Funerary

Artist: 
Album Title: 
Starless Aeon
Release Date: 
Tuesday, August 12, 2014
Distribution: 
Review Type: 

And all the dark things came out from hiding and had the world all to themselves… Isn’t that a great statement to start with? Indeed, that was what I thought too…

It might seem odd, but releases on tape are on their revival. I do not care, because it brings back the primal grotesquery (read: melancholy) of the earliest years. The disadvantage, however, is the sound and the loss of quality after a while.

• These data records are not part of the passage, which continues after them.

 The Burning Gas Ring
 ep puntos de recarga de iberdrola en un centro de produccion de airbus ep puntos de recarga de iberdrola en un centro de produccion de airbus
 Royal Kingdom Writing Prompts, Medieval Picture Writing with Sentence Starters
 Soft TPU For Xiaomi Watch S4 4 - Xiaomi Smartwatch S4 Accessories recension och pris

But Midnite Collective, formerly Ear Splitters, are one of those labels that does not eschew releasing cassette-material.

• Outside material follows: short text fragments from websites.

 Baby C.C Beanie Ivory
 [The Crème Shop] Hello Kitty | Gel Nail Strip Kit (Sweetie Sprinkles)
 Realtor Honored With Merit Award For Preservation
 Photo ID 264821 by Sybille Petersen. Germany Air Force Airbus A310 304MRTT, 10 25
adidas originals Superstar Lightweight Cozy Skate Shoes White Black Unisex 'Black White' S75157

On December 29th, Concreteweb posted a review for Ancient Altar, written by colleague Patrick, by the way.

Brings me to Funerary, a very young band that was able to perform live on stage with the likes of Ash Borer, Amarok, Lycus, Samothrace, Hell and many others – pretty impressive for being so young… They recorded Starless Aeon at Audio Confusion Studios, and had the material mastered at the Earhammer Studio with Greg Wilkinson.

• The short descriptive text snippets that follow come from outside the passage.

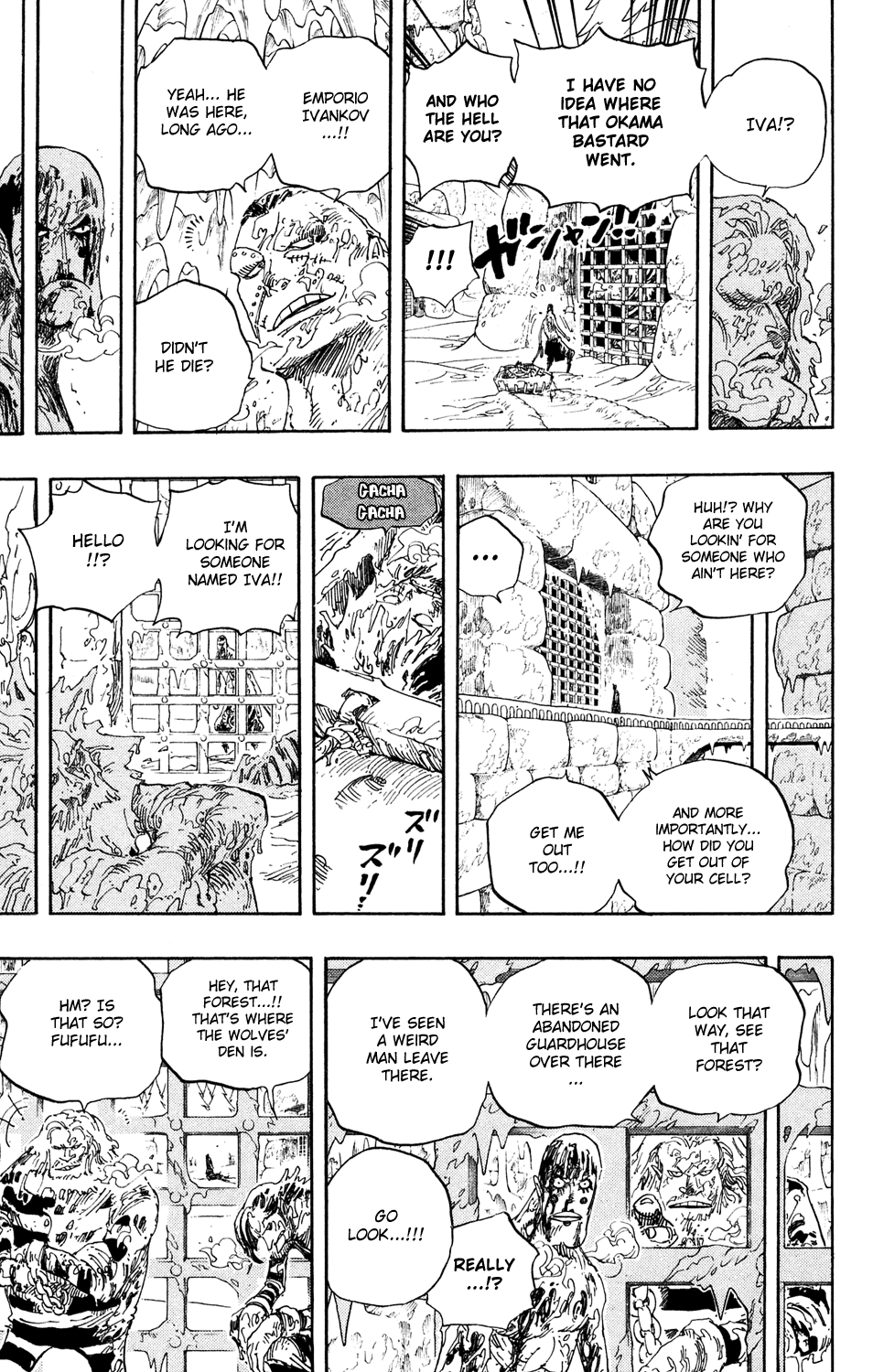 One Piece, Chapter 536 image 13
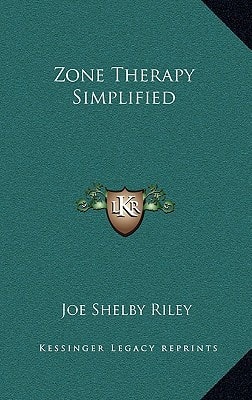 Zone Therapy Simplified
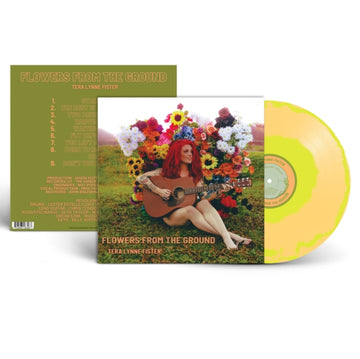 FLOWERS FROM THE GROUND (YELLOW SUNFLOWER VINYL) | VINYL RECORD (LP)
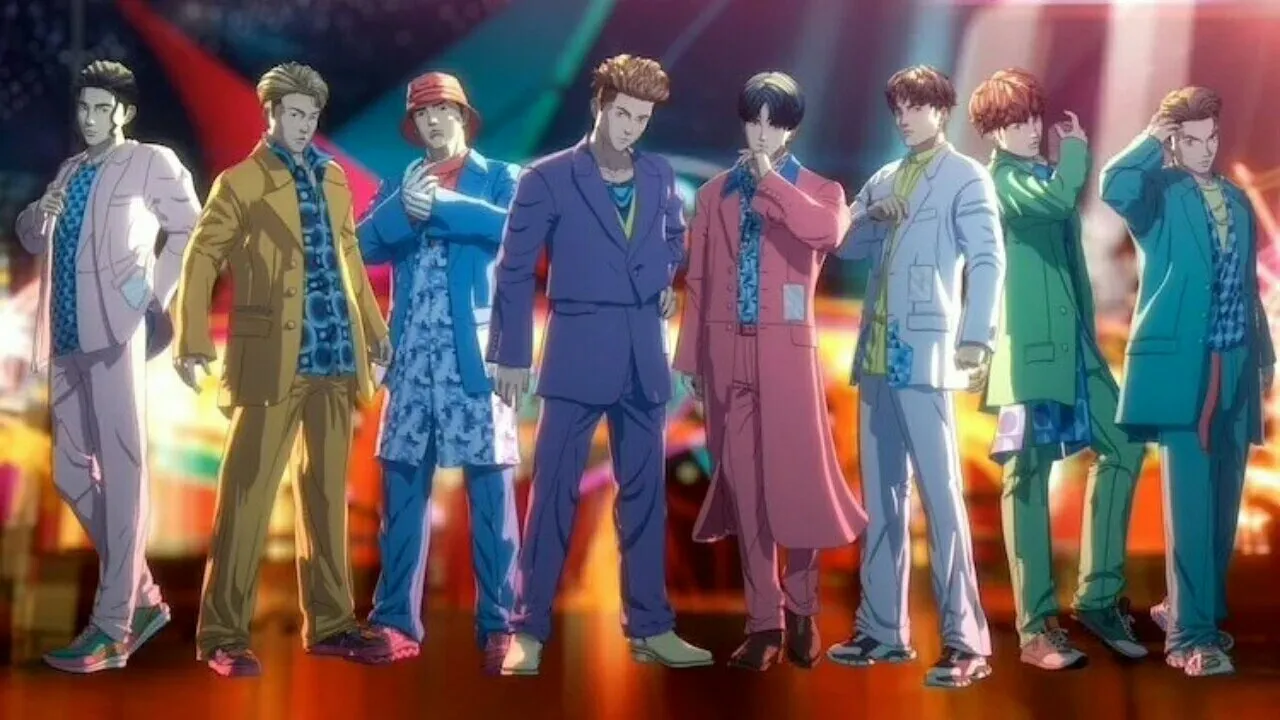 Proyek 'Realitas Campuran" Battle of Tokyo Menayangkan Video Musik The Rampage from Exile Tribe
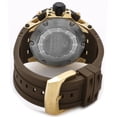 thumbnail image 4 of Invicta Men's 0916 Reserve Subaqua Brown Dial Brown Rubber Strap Chronograph Dive Watch, 4 of 4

Starless Aeon lasts for thirty four minutes and sounds like a sledgehammer brutally caressing your skull. Once again, and hereby I mean that it sounds like some ‘trend’ lately, it is a mixture of massive (Funeral) Doom and Sludge, with elements from Post-Hardcore and Black Metal, but once again too, the quality is of an exceptional high level. The five lengthy compositions are enormously varying (the speed, for example, varies from very slow to even slower, up to oh so sloooowww…), and because of the dissonant, little chaotic structures and the extremely obscure atmosphere, it must hold the attention of the dark-minded ones amongst us. And with ‘obscure atmosphere’, I would like to mention the second and third track (somewhat a Siamese twin), Atonement / Beneath The Black Veil: how oppressing and asphyxiating this is… I truly have never experienced such a funereal performance in combination with quasi-dreamlike spheres of esotery. Tribal and ritual it is, penetrating yet caressing, disturbing but revealing so much… I also appreciate the rawness of the execution; I’m not sure, but this must have been registered in a live setting to create that organic sound. And oh yes, the (short) title track is a hypnotic piece of ominous Ambient / Drone, which totally fits to the morbid album in general.

2014 is a top-year for bleak and dark Drone / Sludge / Funeral Doom / Black majesty (in a couple of days I will review the Mudbath-album Corrado Zeller, so expect more of this sonic beauty to come…), and with Funerary we might have a top-act in all its glory!